The renovations were inspired by renewed interest in the hall as a community facility – now host to various activities, from exhibitions, to family gatherings, to puppy preschools.
The committee is seeking funding for further upgrades, including ceiling insulation and more accessible facilities for the outdoor toilet blocks.
The hall is going against the grain: In recent years, several community halls throughout rural Wairarapa have faced closure, due to lack of funds and limited use, including the nearby Belvedere Hall.
A committee spokesperson said the building’s renaissance is “timely” – considering the role community halls played as emergency hubs during Cyclone Gabrielle.
“Given the recent flooding disasters, centres like this should be retained and used – as it’s during times of crisis that neighbours and community are vital.
“When there is a disaster, community halls can be important places for people to gather and find safety and support.
“Plus, it’s good for social cohesion. Even in rural areas, a lot of people still don’t know their neighbours. Having a shared space for events helps people get to know one another and form relationships.’’
The hall, built in 1894, originally housed the old Taratahi West School, which had a roll of about 25 pupils – many of whom walked to school, crossing several creeks along the way.
One of the Taratahi West alumni, Ian Phelps, attended the school during World War II, and is now an active member of the hall’s committee.
Now 87, Ian cycled to Chester Rd from Masterton to carry out regular cleaning duties and raise the hall’s flag – but had to stop recently, due to increased traffic.
By the late 1960s, a dwindling roll saw the school close its doors, and ownership of the building was returned to the Crown.

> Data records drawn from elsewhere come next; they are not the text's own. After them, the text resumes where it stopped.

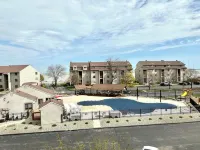 Relaxing 2-bed, 2 bath. River view with dock. Walk to Jet express!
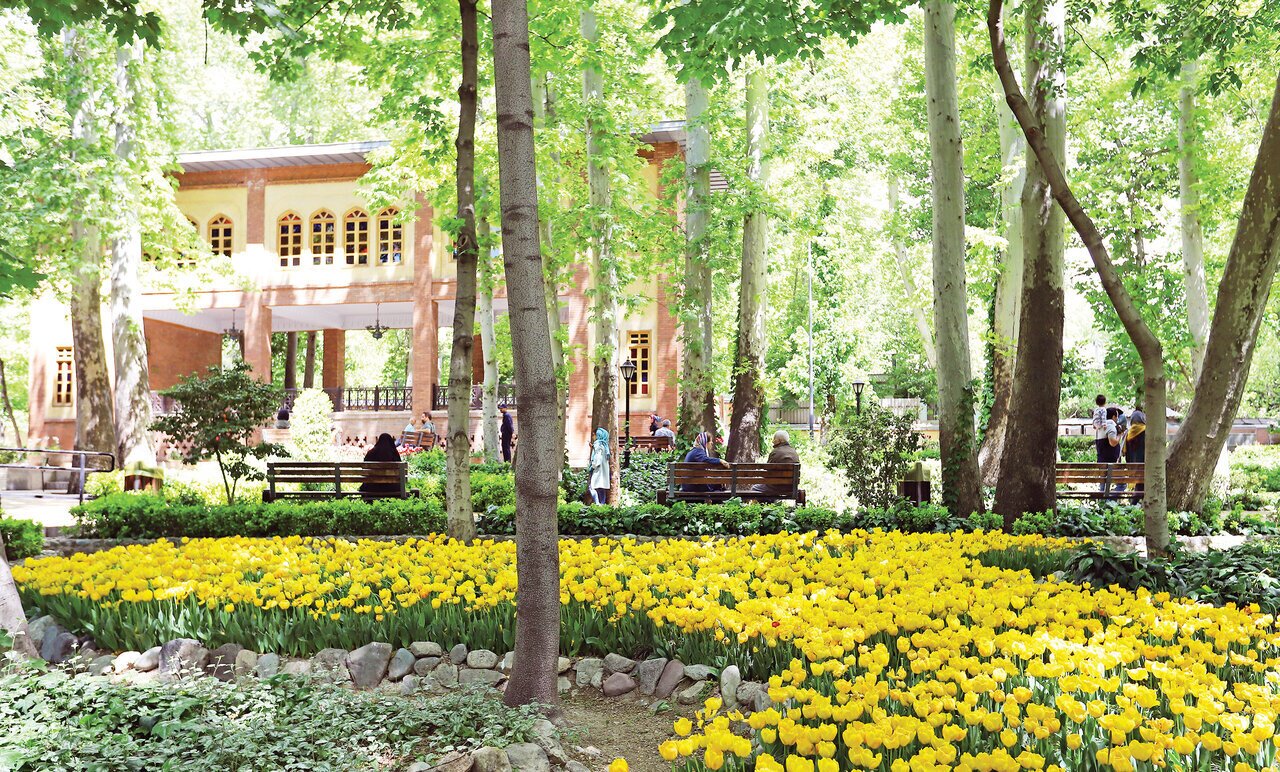 باغ و عمارت بهشتی
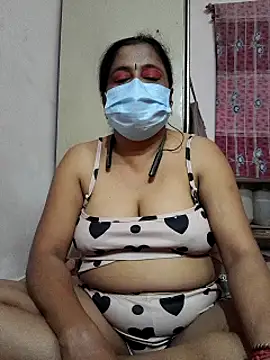 mature mimi online show from 18, 9, 2025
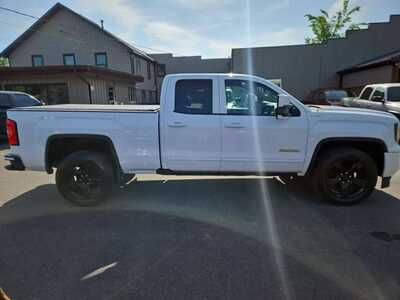 2017 GMC 1500 Ext Cab, $17900. Photo 4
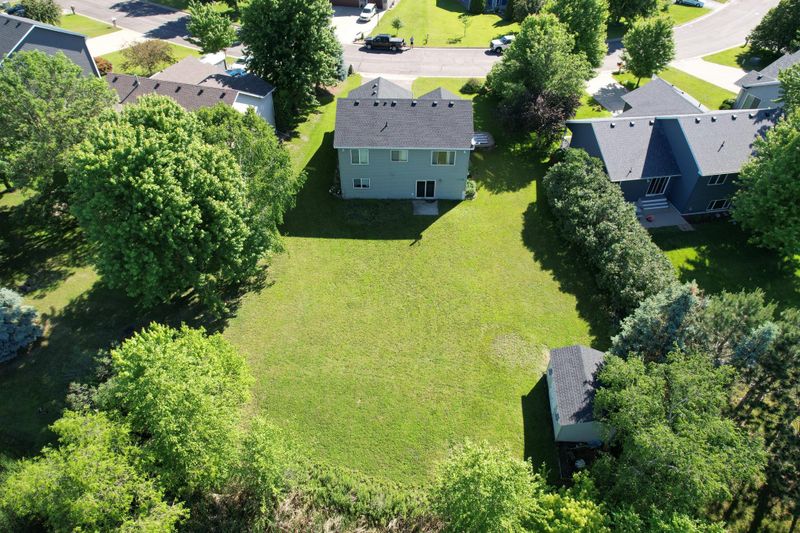 1023 Bridgeport Dr, Sartell, MN 56377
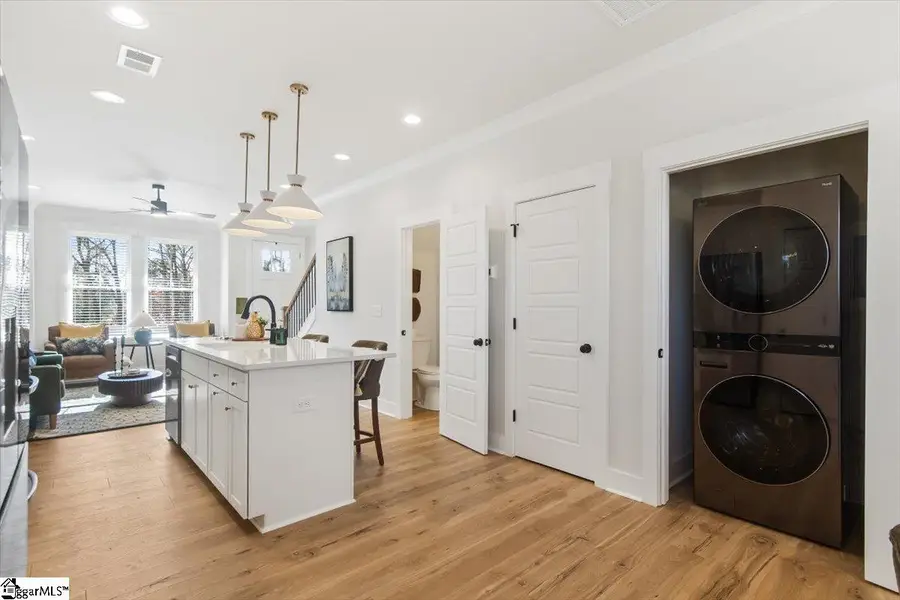 9 Hawthorne Lane #Unit 105, Greenville, SC 29615 - #3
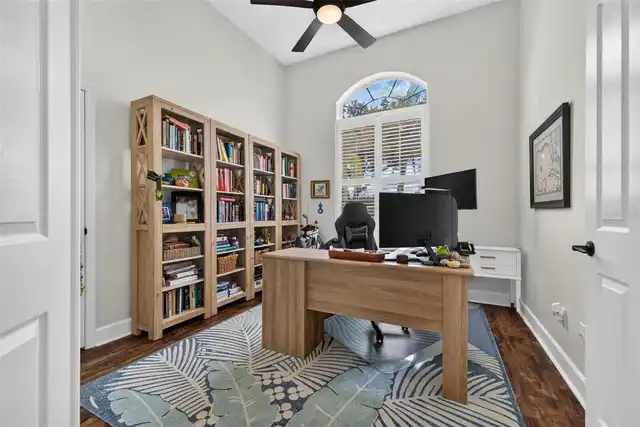 Listing Photo 7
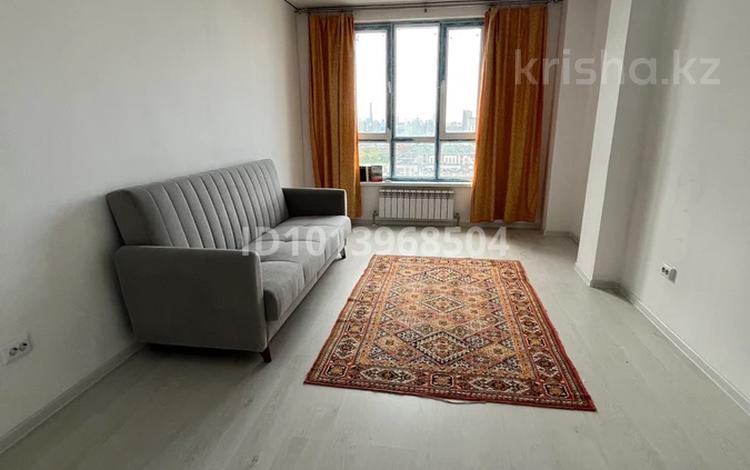 1-комнатная квартира · 45 м² · 20/22 этаж, Темирбека Жургенова 19 за 210 000 ₸ в Астане, Сарайшык р-н — фото 2
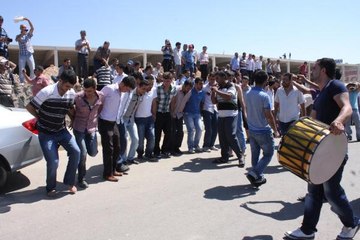 Hunharca Halay Çeken Gençler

The space was used as a community hall, with the rented property on the site – the old schoolmaster’s house – bringing in a consistent income stream.
In the last five years, the committee has worked hard to attract more community interest in the space – starting with clearing the land [which had been used as a rubbish dump] and planting a large native garden.
The hall is now used by a “diverse group of people” – including for band practices, craft groups, fitness classes, a puppy training school on the front lawn, and an exhibition by Carterton painter Kathy Bartlett.
It has also recently been booked for a wedding and a 60th birthday party.
Further, the hall is included as a stop point on the planned Norfolk Road Trail, a multi-purpose walking and cycling trail along Norfolk and Chester Roads.
The hall committee is thankful to the volunteers and professionals responsible for the renovations: Including ArbInnovations, Cooper Farm Services, Rummages, Wairarapa Lawnmasters and local builder Hank Groeneweg.